Defendant rented a car from plaintiff, a self-insured company commonly known as Enterprise Rent-A-Car. The rental agreement provided, inter alia, that Enterprise furnishes “its renters and authorized drivers with minimum liability coverage” as required by the Vehicle and Traffic Law, including, as relevant herein, coverage of “$25,000 per accident for bodily injury.” Paragraph 8 of the rental agreement also required the renter to indemnify Enterprise for all damages incurred by Enterprise “in excess of the minimum dollar amounts required to be maintained” by Enterprise.

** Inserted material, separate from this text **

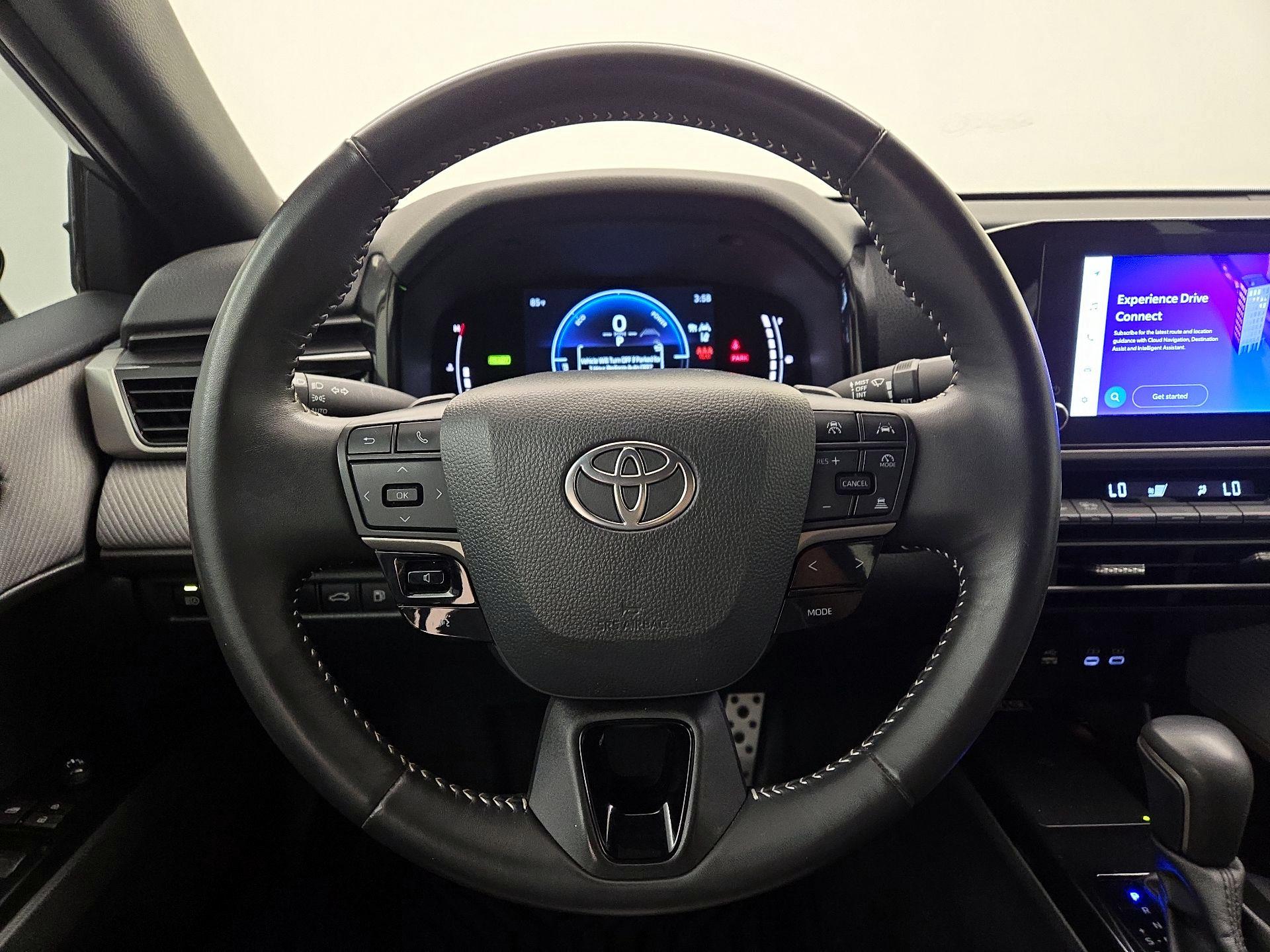 Thumbnail: 2025 Toyota Camry - 10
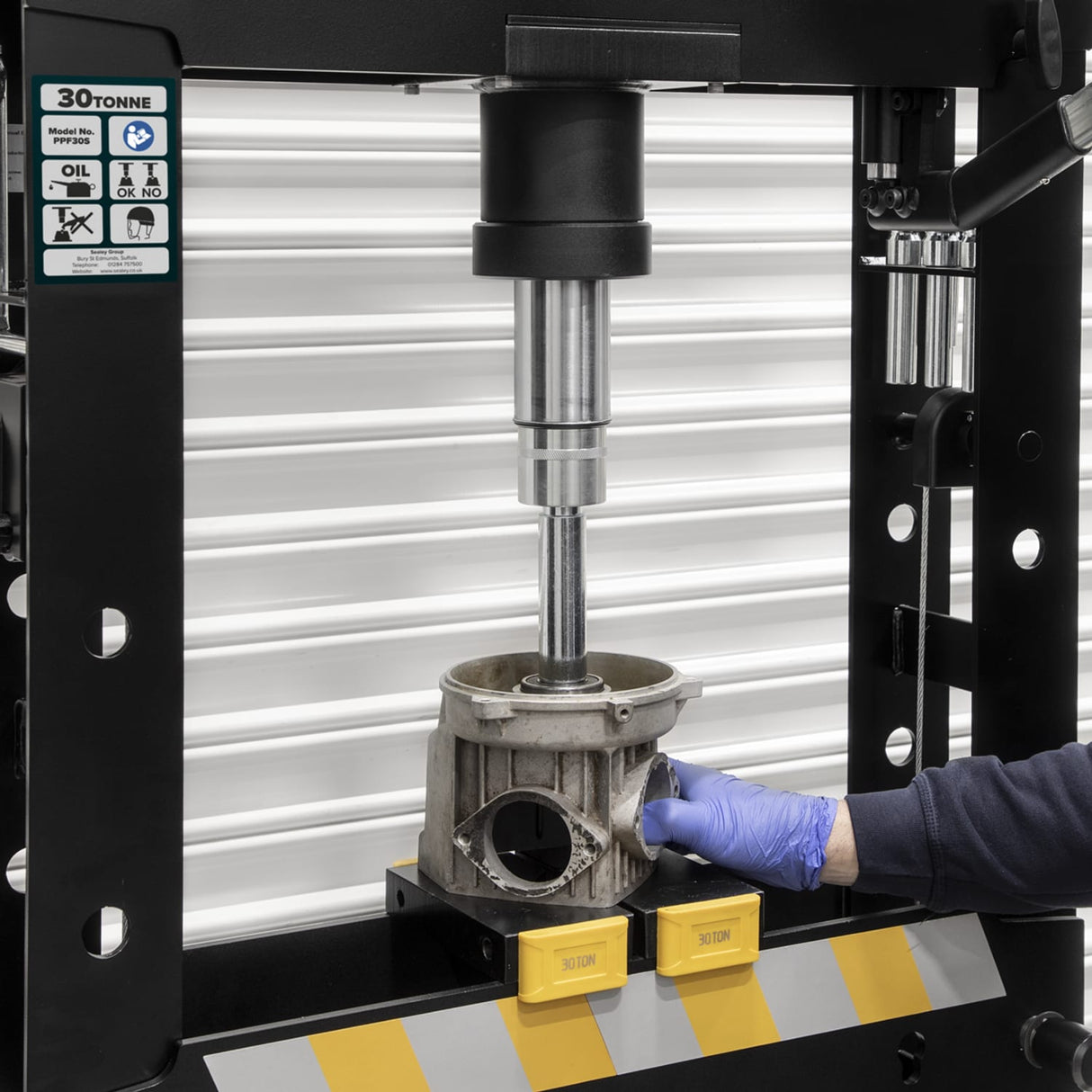 Hydraulic Press 30 Tonne Floor Type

*32On July 25, 2009, defendant, who was the only authorized driver listed on the rental agreement, loaned the vehicle to one David Cedeno. While operating the vehicle, Cedeno struck and injured Juan Castillo, a bicyclist. Enterprise paid Castillo $9,000 in settlement of his personal injury claim, then sued defendant for the $9,000 it paid to Castillo. Civil Court granted judgment to Enterprise for that amount, rejecting defendant’s argument that the antisubrogation rule bars the claim. Defendant appeals and we now reverse.
Section 388 of the Vehicle and Traffic Law states that the owner of a motor vehicle may be held civilly liable for any damage caused by the owner or any permissive user of the vehicle. Vehicle and Traffic Law § 370 requires rental car companies to provide insurance for their vehicles, including minimum liability coverage of $25,000 for bodily injury, and further requires that such insurance “inure to the benefit” of any permissive user of the vehicle (Vehicle and Traffic Law § 370 [1]). As a result of the interplay of sections 370 and 388, a rental car company such as Enterprise is prohibited from seeking indemnification from its renter “for amounts up to the minimum limited liability requirements” of the Vehicle and Traffic Law (ELRAC, Inc. v Ward, 96 NY2d 58, 73 [2001], rearg denied 96 NY2d 855 [2001]). Since the underlying claim is for a sum considerably less than the statutory minimum of $25,000, the action must be dismissed. To allow Enterprise to pass on the $9,000 cost to its insured would permit Enterprise to avoid the coverage it was statutorily bound to provide (id. at 77).
Nor is a contrary result required because, at the time of the accident, an unauthorized driver was operating the vehicle in violation of the rental agreement. In Motor Veh. Acc. Indent. Corp. v Continental Natl. Am. Group Co. (35 NY2d 260 [1974]), the Court of Appeals held that where the lessee of a rental vehicle permits another person to operate it, the rental company is deemed to have constructively consented to such use, even where the lessee violated the rental agreement by entrusting the rental car to another (see Murdza v Zimmerman, 99 NY2d 375 [2003]). “Accordingly, the fact that [defendant] was the only individual expressly authorized to operate the rental car in the case at bar does not make [Cedeno] a non-permissive user” (Lancer Ins. Co. v Republic Franklin Ins. Co., 304 AD2d 794, 796 [2003]).
Lowe, III, P.J., Hunter, Jr. and Ling-Cohan, JJ., concur.